## [TRY IT]
Your output consists solely of the lines from the one that contains "Now let's jump" to the end of the material, each reproduced exactly; pictures do not belong in it.

## [DATA SECTION]
- - -

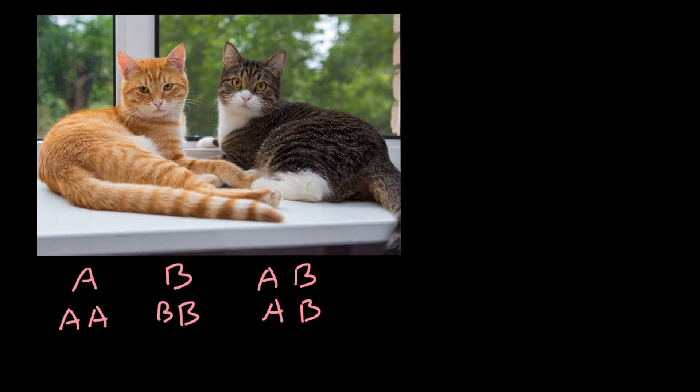In cats this is not a trait that we would refer to as co-dominant, even though we actually have three blood groups in cats. Actually, this is a simple Mendelian trait where allele A is dominant. So we can cross out this misconception idea of co-dominance in blood typing in cats.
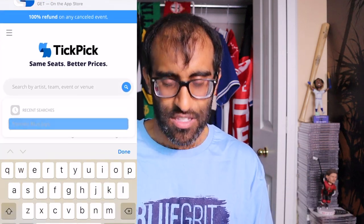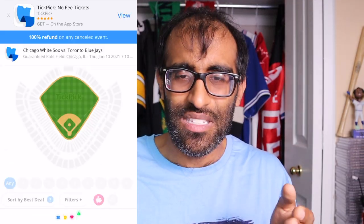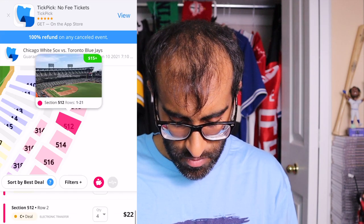Now let's jump over to TickPick and do the same thing. We're looking at that same event and searching for that exact same seat — section 512, row 7. Tickets appearing across multiple resale exchanges generally means they're being sold by a reseller who has access to a system that lets them post across multiple websites, getting their ticket displayed to as many people as possible.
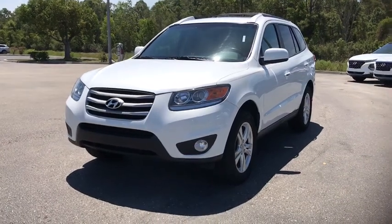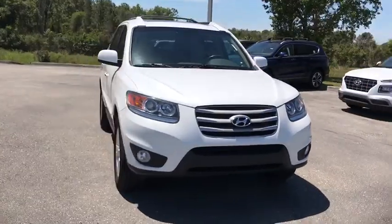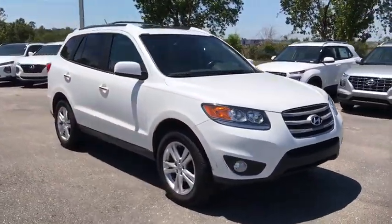Come test drive the 2012 Hyundai Santa Fe. Style, quality, performance, value — need we say more?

- - -

## [ANSWER FOR THIS EXERCISE]
Now let's jump over to TickPick and do the same thing. We're looking at that same event and searching for that exact same seat — section 512, row 7. Tickets appearing across multiple resale exchanges generally means they're being sold by a reseller who has access to a system that lets them post across multiple websites, getting their ticket displayed to as many people as possible.
Come test drive the 2012 Hyundai Santa Fe. Style, quality, performance, value — need we say more?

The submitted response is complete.